▸ **Prompt**
With the pictures left aside, write out exactly the lines of the listing below from the line with "Rent this 2" to the line with "14627 Golden Appaloosa", both included, and only those.

▸ **Available data**
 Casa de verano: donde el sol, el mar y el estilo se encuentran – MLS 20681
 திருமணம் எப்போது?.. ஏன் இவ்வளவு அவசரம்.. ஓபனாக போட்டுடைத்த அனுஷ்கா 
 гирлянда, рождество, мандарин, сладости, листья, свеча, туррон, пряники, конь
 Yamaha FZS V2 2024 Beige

--

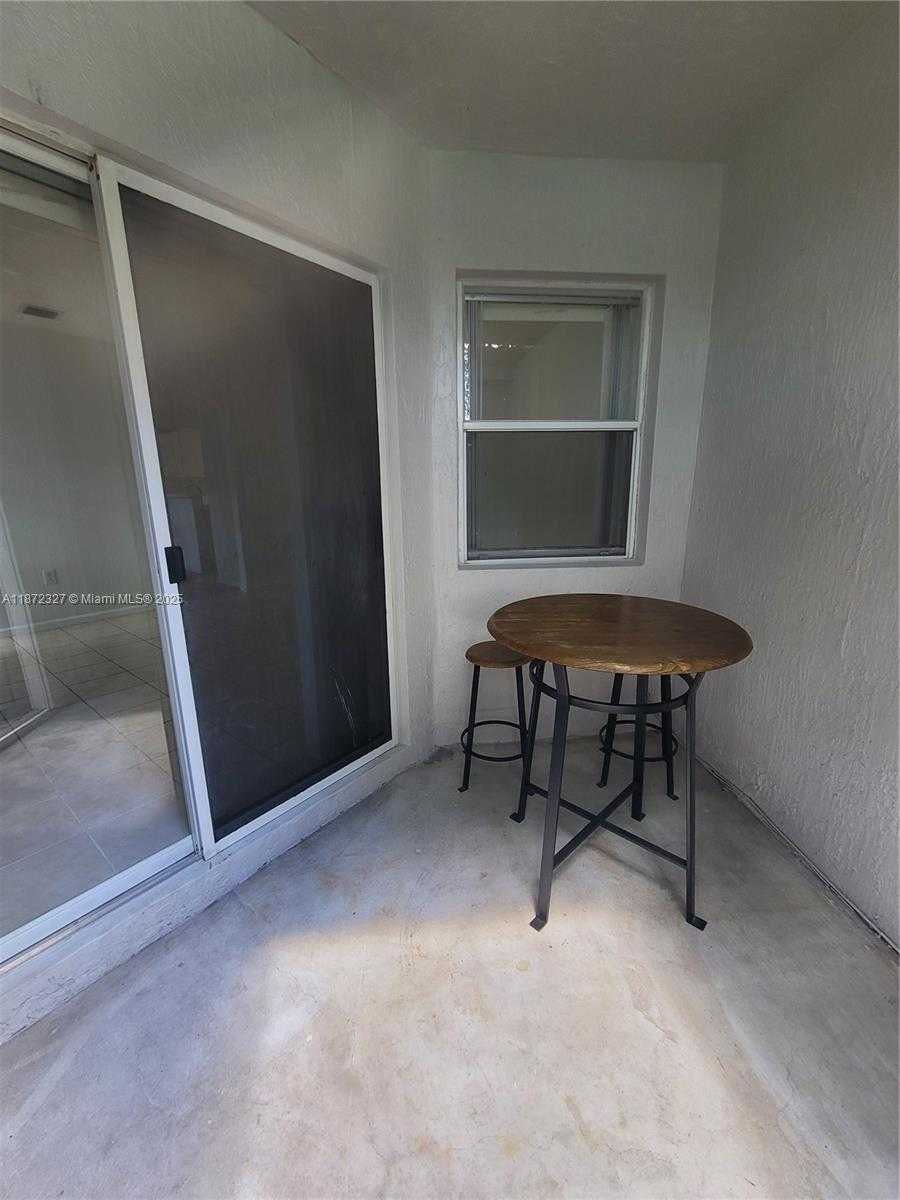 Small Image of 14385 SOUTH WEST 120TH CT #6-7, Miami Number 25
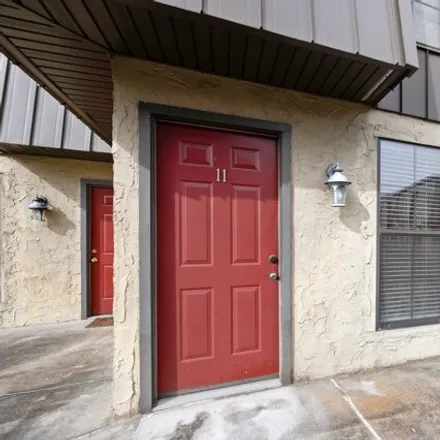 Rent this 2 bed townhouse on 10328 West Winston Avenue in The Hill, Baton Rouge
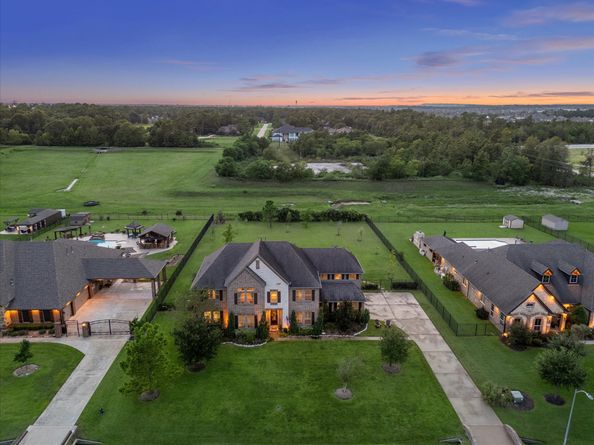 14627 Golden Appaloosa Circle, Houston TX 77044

▸ **Response box**
 Rent this 2 bed townhouse on 10328 West Winston Avenue in The Hill, Baton Rouge
 14627 Golden Appaloosa Circle, Houston TX 77044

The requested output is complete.